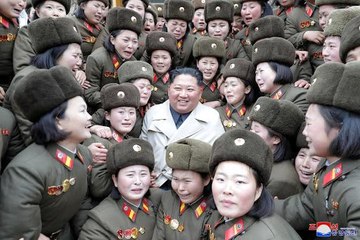 Güney Kore'ye göre Kim Jong-un hayatta ve durumu iyi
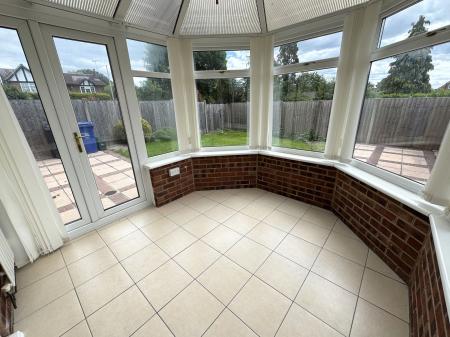 3 bedroom Detached house for sale in Longbow Close, Stretton, DE13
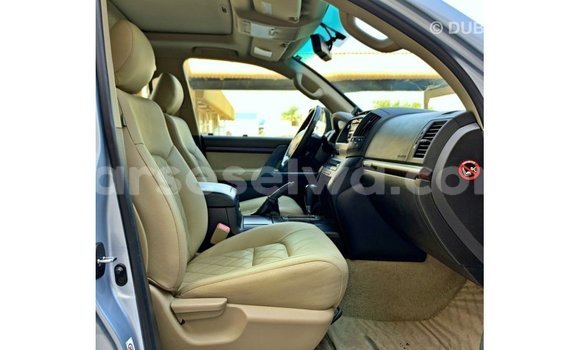 Buy Import Toyota Land Cruiser Blue Car in Import - Dubai in East Mahé Buy Import Toyota Land Cruiser Blue Car in Import - Dubai in East Mahé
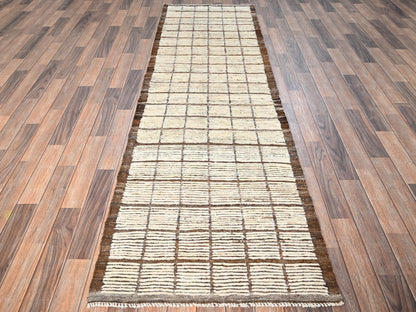 Ivory 2'9" x 9'5" Tribal & Geometric Hand knotted Wool Rug - Sku: O01765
=======
-- INSTRUCTIONS FOR THE TASK --
Take the lines from the start of the material to the line with "East Mahé Buy", both included, and transcribe them exactly without the pictures.

-- TASK ANSWER --
 Güney Kore'ye göre Kim Jong-un hayatta ve durumu iyi
 3 bedroom Detached house for sale in Longbow Close, Stretton, DE13
 Buy Import Toyota Land Cruiser Blue Car in Import - Dubai in East Mahé Buy Import Toyota Land Cruiser Blue Car in Import - Dubai in East Mahé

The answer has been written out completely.